Side Proof 8

This page will handle one of the long cases in the Human proof that completely multiplicative sequences have discrepancy greater than 3, so that the page can be shorter and not have so many long sections. Specifically, this page will take care of the case where we assume: f(2)=f(11)=f(17)=f(23)=1, f(7)=f(13)=-1.

Proof

s(36) = 4+f(29)+f(31), so f(29)=f(31)=-1. This seems to be as far as we can get just with the original assumptions.

Case 1: f(2)=f(11)=f(17)=f(23)=f(37)=1, f(7)=f(13)=-1

s(50)=5+f(41)+f(43)+f(47), so f(41)=f(43)=f(47)=-1. f[339,344] = -5-f(113), so f(113)=-1. f[107,116] = -6+f(107)+f(109), so f(107)=f(109)=1. However, now f[319,328] = -7+f(163), which forces the discrepancy above 3.

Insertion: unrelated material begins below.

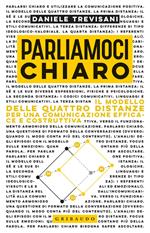 Parliamoci chiaro. Il modello delle quattro distanze per una comunicazione efficace e costruttiva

Case 2: f(2)=f(11)=f(17)=f(23)=f(41)=1, f(7)=f(13)=f(37)=-1

s(50)=4+f(43)+f(47), so f(43)=f(47)=-1. f[339,344] = -5-f(113), so f(113)=-1. f[81,100] = 7+f(83)+f(89)+f(97), so f(83)=f(89)=f(97)=-1. f[101,126] = -10+f(59)+f(61)+f(101)+f(103)+f(107)+f(109), so f(59)=f(61)=f(101)=f(103)=f(107)=f(109)=1. f[575,586] = 8+f(73)-f(193)+f(293)+f(577), so f(73)=f(293)=f(577)=-1, f(193)=1. f[293,300] = -6-f(59)+f(149), so f(59)=-1, f(149)=1. s(76) = -5+f(61)+f(67)+f(71), so f(61)=f(67)=f(71). However, now f[115,126] = -6, which forces the discrepancy above 3.

Case 3: f(2)=f(11)=f(17)=f(23)=f(43)=1, f(7)=f(13)=f(37)=f(41)=-1

s(50) = 3+f(47), so f(47)=-1. f[83,100] = 7+f(83)+f(89)+f(97), so f(83)=f(89)=f(97)=-1. f[287,292] = 5+f(73), so f(73)=-1. f[73,80] = -5+f(79), so f(79)=1. f[573,586] = 8-f(191)-f(193)+f(293)+f(577), so f(191)=f(193)=1, f(293)=f(577)=-1. f[293,304] = -8-f(59)-f(101)+f(149)+f(151), so f(59)=f(101)=-1, f(149)=f(151)=1. s(76) = -5+f(61)+f(67)+f(71), so f(61)=f(67)=f(71)=1. s(118) = -6+f(103)+f(107)+f(109)+f(113), so f(103)=f(107)=f(109)=f(113)=1. But now, f[319,328] = -7+f(163), which forces the discrepancy above 3.

Case 4: f(2)=f(11)=f(17)=f(23)=1, f(7)=f(13)=f(37)=f(41)=f(43)=-1

s(56) = -3+f(47), so f(47)=1. However, now f[91,100] = 7+f(97), which forces the discrepancy above 3.